▶ [YOUR ASSIGNMENT]: In this exercise, return only the lines that run from the line with "11. Гаечным ключом" to the end of the entries below, both included. Pictures are not copied.

▶ [EXERCISE MATERIAL]:
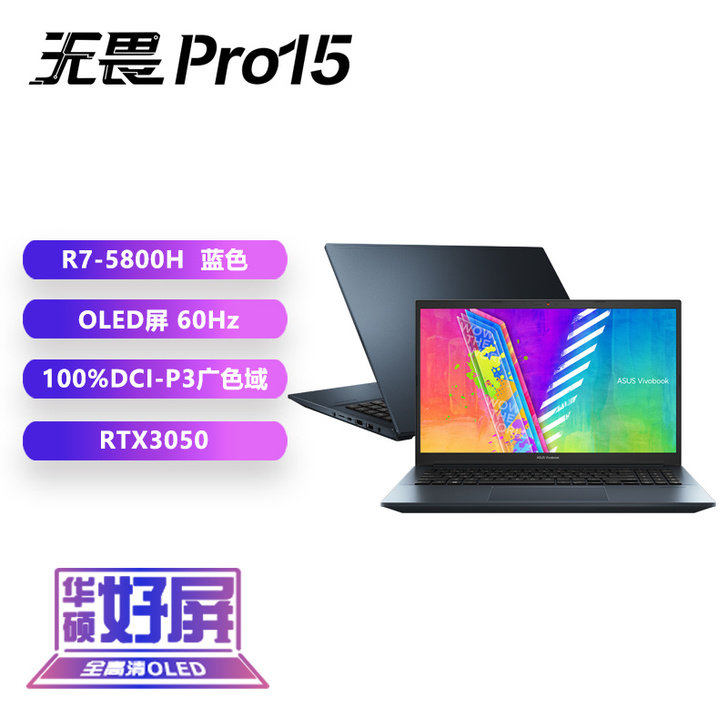 Asus/华硕 笔记本电脑无畏15pro
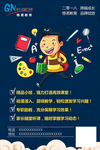 少儿辅导班教育海报展架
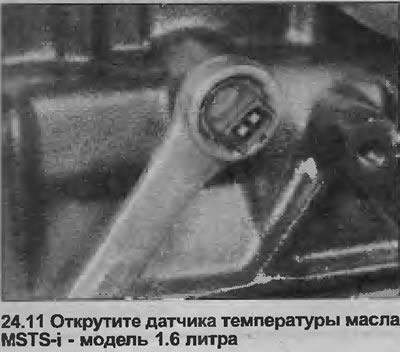 11. Гаечным ключом адкруціце датчык (гл. ілюстрацыю). Закаркуйце адтуліну ў блоку цыліндраў, каб…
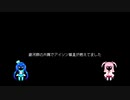 アイソン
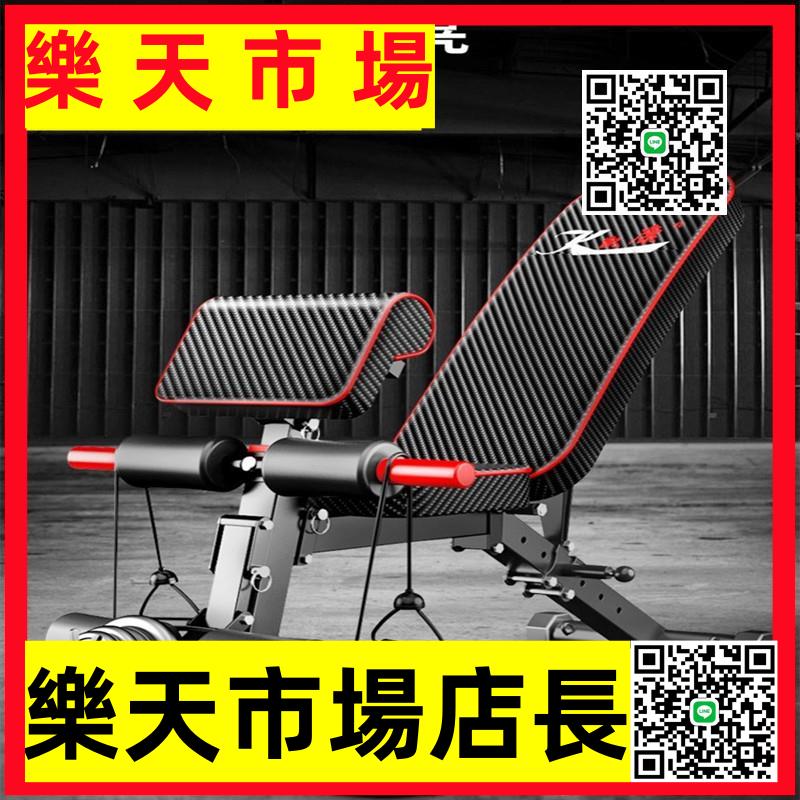（高品質）啞鈴凳臥推凳多功能仰臥起坐板家用健身器材腰腹健身椅折疊腹肌板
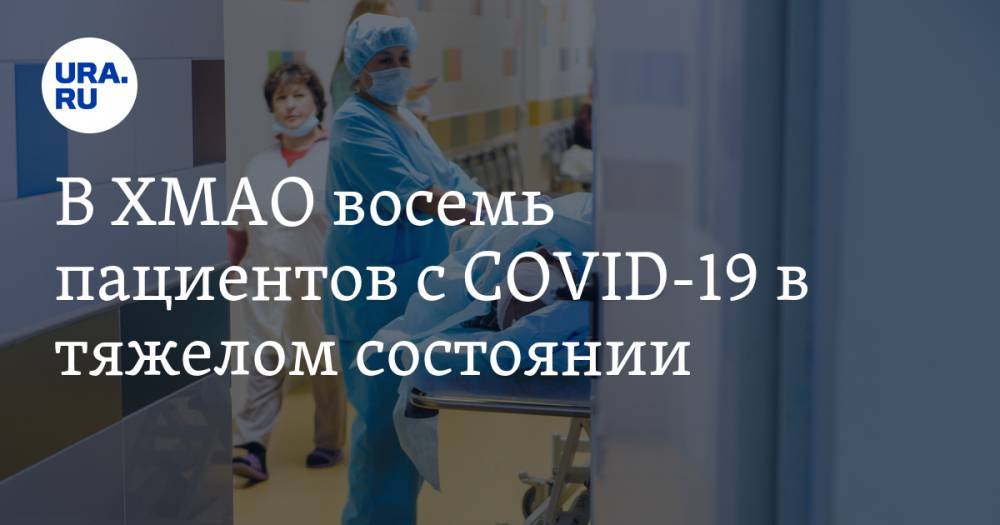 Алексей Добровольский - В ХМАО восемь пациентов с COVID-19 в тяжелом состоянии - ura.news - Югра - район Ханты-Мансийский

▶ [ANSWER FOR THIS EXERCISE]:
 11. Гаечным ключом адкруціце датчык (гл. ілюстрацыю). Закаркуйце адтуліну ў блоку цыліндраў, каб…
 アイソン
（高品質）啞鈴凳臥推凳多功能仰臥起坐板家用健身器材腰腹健身椅折疊腹肌板
 Алексей Добровольский - В ХМАО восемь пациентов с COVID-19 в тяжелом состоянии - ura.news - Югра - район Ханты-Мансийский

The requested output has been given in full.